Internet, if I’m being honest and real and allowing myself to share the truth, I spent my thirty-sixth birthday alternately sobbing and feeling sorry for myself. The phone rang with so many lovely well wishes and yet all I could think when someone said “Happy birthday! Hope it’s the best one yet!” was “How could it be the best one yet when my mother is gone?”

 

Additionally I think the day can best be summed up by stating that I found a gnarly black hair growing under my chin that CLEARLY was long enough to have been there for quite some time.  I told Nancy that she and all our girlfriends can all now stop sending group texts amongst each other now wondering when I’m going to find that Thing Growing Out of My Face because OMG I finally found it.

 

I find that my own words are limited as we are speeding like a bullet train toward the holiday of Mother’s Day.
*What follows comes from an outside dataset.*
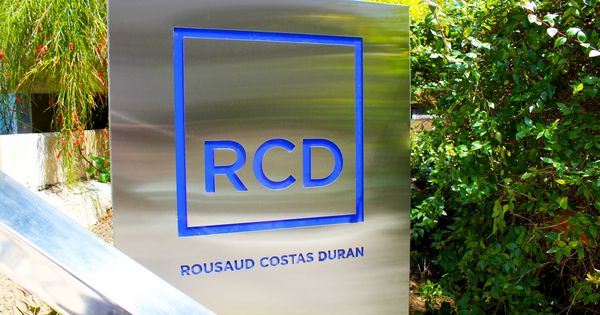 Foto: Nuevo logo de Rousaud Costas Duran. (RCD)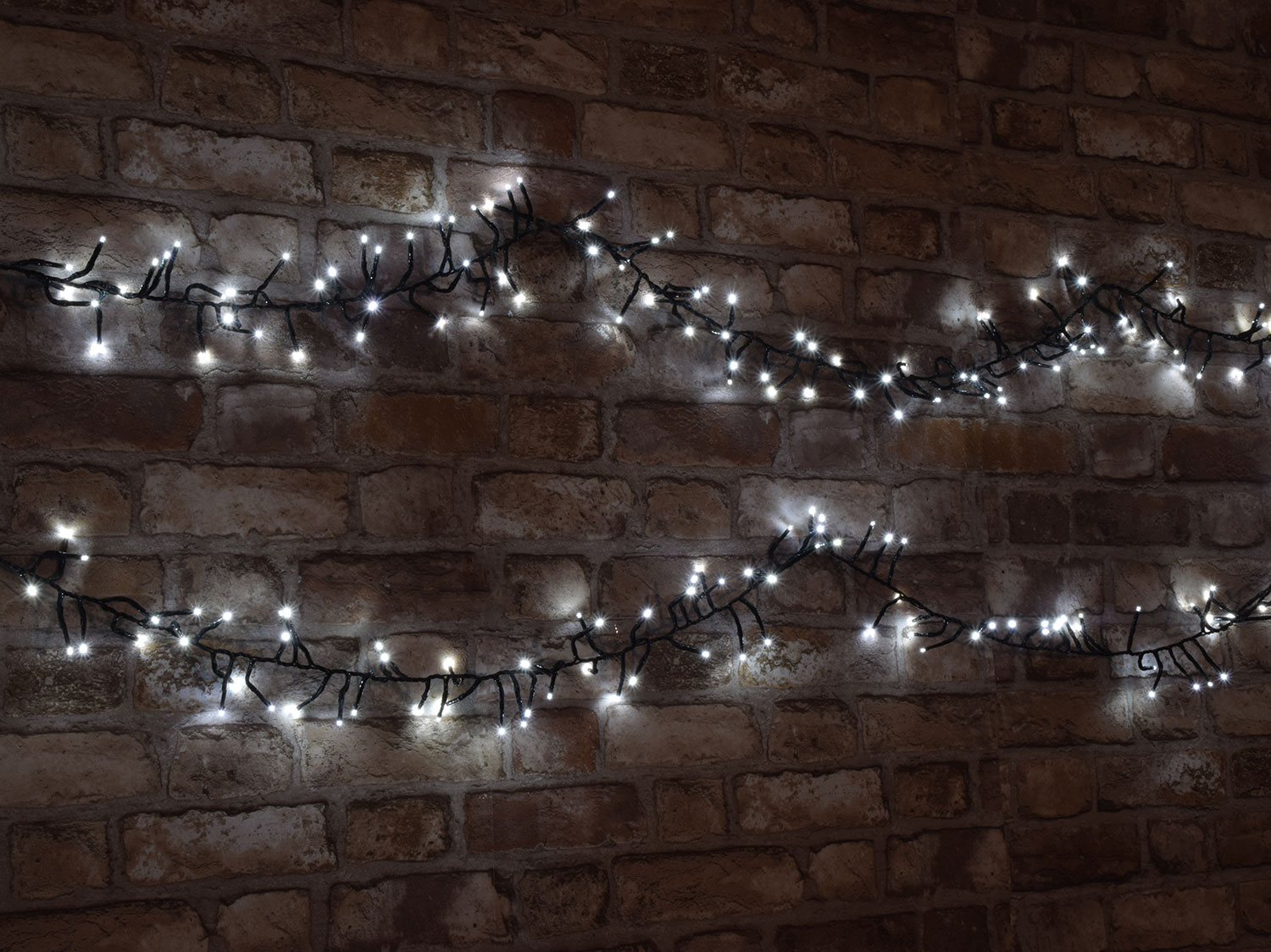 Multi-sequence 960 LED Cluster Lights with Timer Cool White - Image 5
And for someone who has had Diarrhea of the Mouth™ her entire life, that’s saying something.  Every mention of this holiday pricks me sharply, like a needle in an open wound.  I was grateful for a dear friend who messaged me the day before my birthday to share that when her own mother died, her first birthday after was one of the hardest days of her life. And yes, friend, I get it. I hate that I get it, but I do.

 

Grief is difficult to describe. It’s feeling pretty good one moment, and then turned upside down the next. It’s almost like the chair underneath you loses a leg and dumps you unceremoniously onto the ground, at the most inconvenient moment. It’s like free-falling.

 

Now it’s this odd, nebulous moving from what was Life with My Mother to Life Without My Mother.  It’s one day being happy and the next being sad, sobbing over my water bottle while sitting in a Weight Watchers parking lot, texting a fellow friend whose mother is also gone.

 

Grief is this way.

 

It’s me being asked how I’m doing by others and replying honestly “Ehh. I’m okay. Today was hard.”

 

It’s allowing the feelings to settle in, bear their weight, mourn alongside them, and then release them, washed down the drain, tears to regenerate and return again sometime soon.

 

But likewise, grief has exposed in me a greater depth of gratitude for who I am and what I have. What she gave to me as a mother – all of herself, unflinchingly and unreservedly. And I recognize now the power of influence that a mother has, for better or sometimes for worse. I see in myself a greater comprehension of the role I have taken on as mother to my boys. They are everything. This is everything. Love is simply everything.

 

All these other things we chase – money, social media numbers, success. It matters less and less.